HOA Files: HOA internal controls
“The difference between a pickpocket and a robber baron is mostly a matter of opportunity” (Anonymous). With adequate prevention and protection measures, mistakes will be reduced and improper activities discouraged. According to a Best Practices report on Community Security, published by the Foundation for Community Association Research, the board has a legal obligation in the exercise of its management powers to:
• Obey the governing documents
• Have a duty of diligence in the conduct of its activities
• Effectively carry out its fiduciary duty to the association and its members
An analysis of your governing documents will indicate the minimum level of responsibility your HOA must take in protecting its welfare.
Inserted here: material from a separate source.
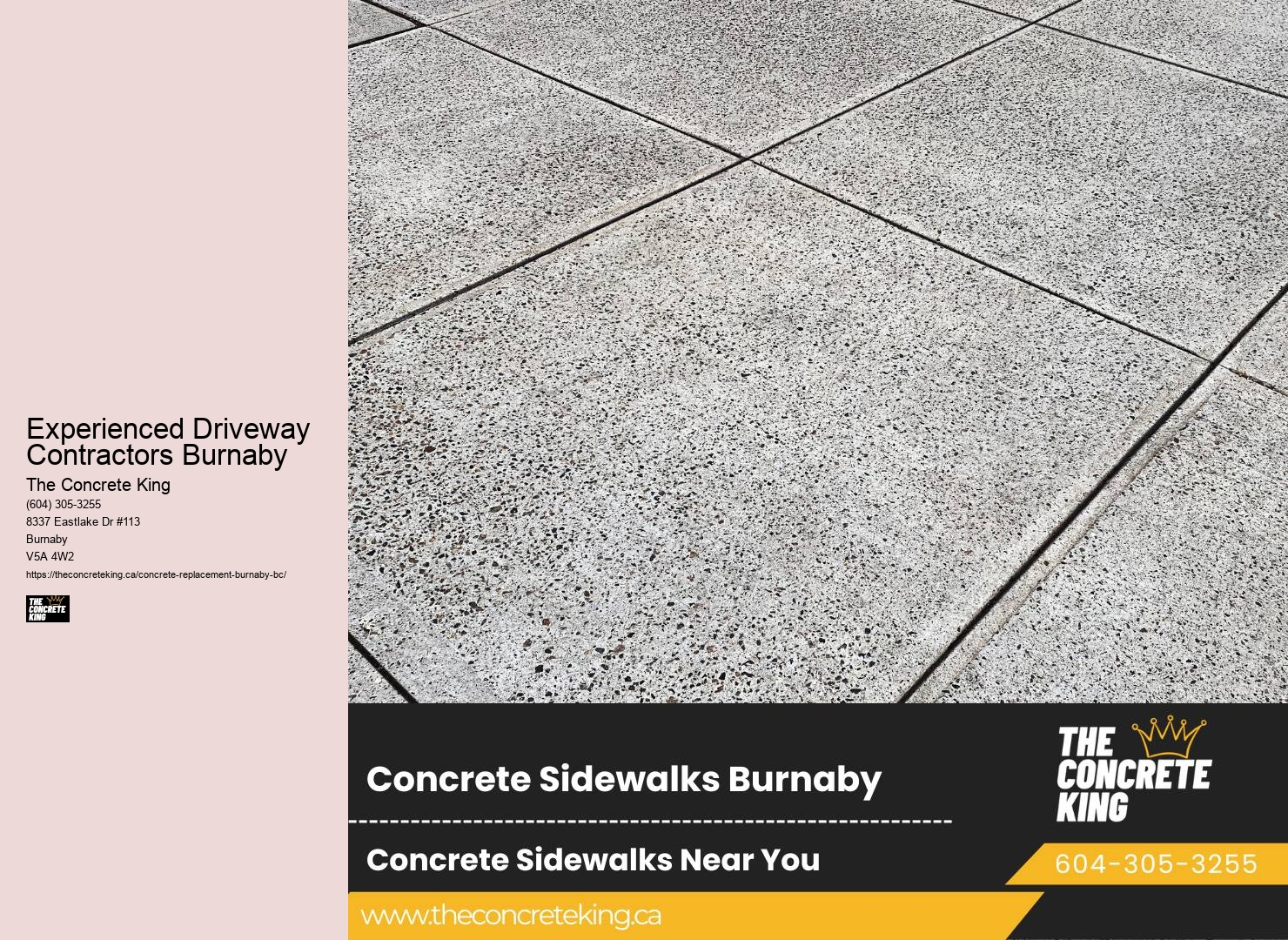 Concrete Driveway Resurfacing Near Me Experienced Driveway Contractors Burnaby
Does your board need to provide a “safe and secure environment?” The security of your association involves not only the protection of its physical assets, an effective risk management program that includes comprehensive insurance, suitable protective covenants and policies, but also ample internal controls.
Are your HOA’s internal controls satisfactory? Does your association:
• Segregate the primary functions of approvals, accounting/reconciling and (cash) asset control.
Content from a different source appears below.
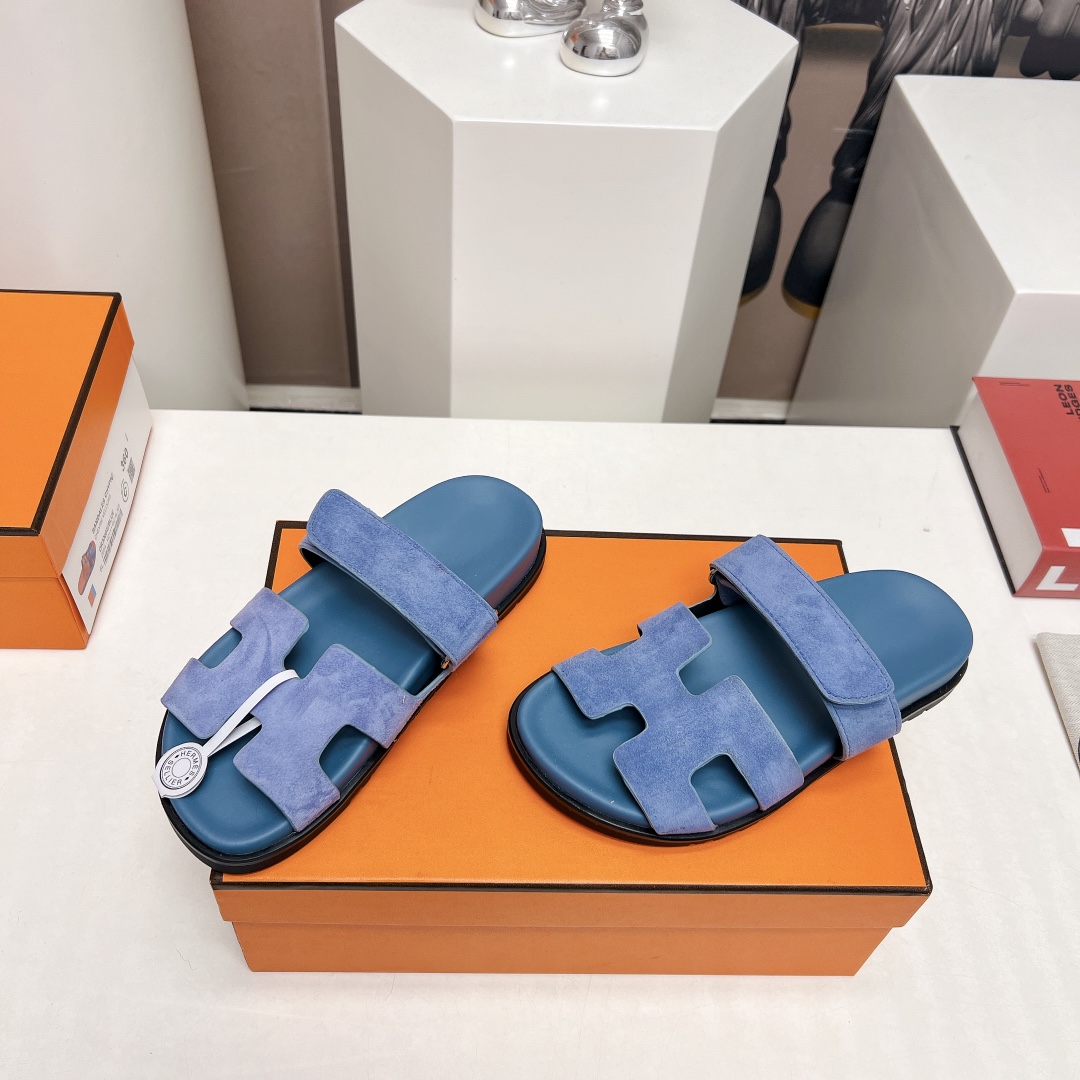 Hermes Male Sandals M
• Prepare its financial reports according to GAAP.
• Maintain separate bank accounts in the association’s name.
• Require the treasurer to oversee all financial operations attentively, with the full board regularly reviewing all financial statements.
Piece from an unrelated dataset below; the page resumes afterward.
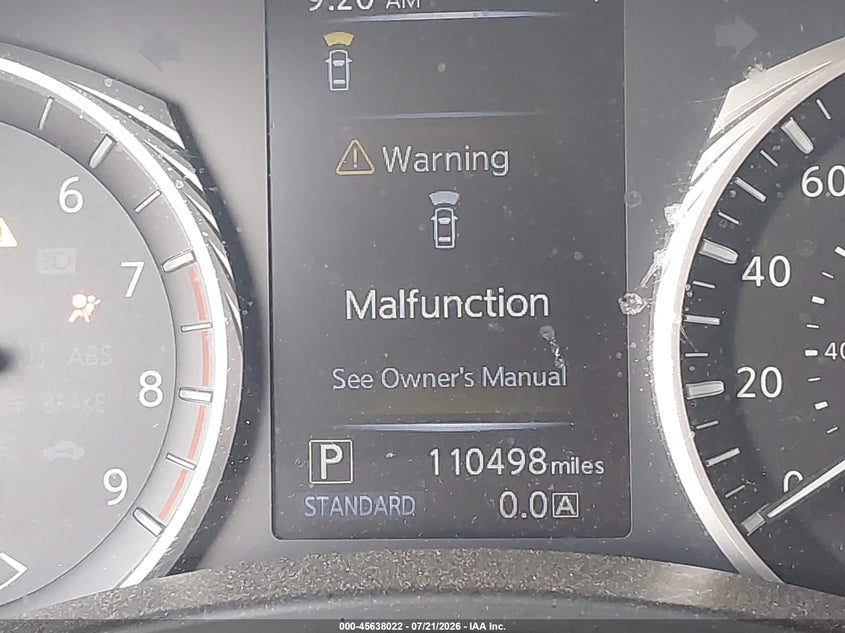 2019 Infiniti Q50 3.0T Luxe VIN: JN1EV7AR0KM551847 Lot: 45638022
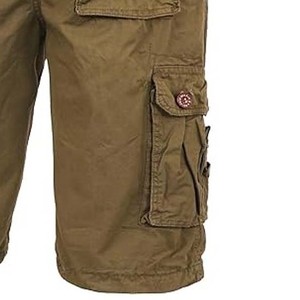 Pantalones cortos Cargo para hombre de último diseño de alta calidad, transpirables, cómodos, superventas, tendencia superior, pantalones cortos Cargo para hombre con tarifa razonable - Product Image 3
• Ensure the safety and liquidity of its investments, investing only in government insured accounts that do not exceed the limits in any one institution.
• Permit only the board access to the reserve funds.
• Deposit receipts daily. You might consider using a lockbox or electronic transfers to collect revenue.
• Commission a reserve study at least every three years, reviewing it annually.
• Conduct the annual disclosures completely, openly and timely.
• Require the board to review all contracts and bids.
• Perform a periodic review or audit (as may be required by law).
• Annually review its insurance policies and revise according to a current property appraisal.
• Pursue delinquent accounts promptly, forwarding to an attorney when an account is three months or more late.
• Conduct background criminal investigations on any prospective HOA employees or other asset custodians.
Stifle the strike of that robber baron by maintaining sound checks and balances within your HOA operations.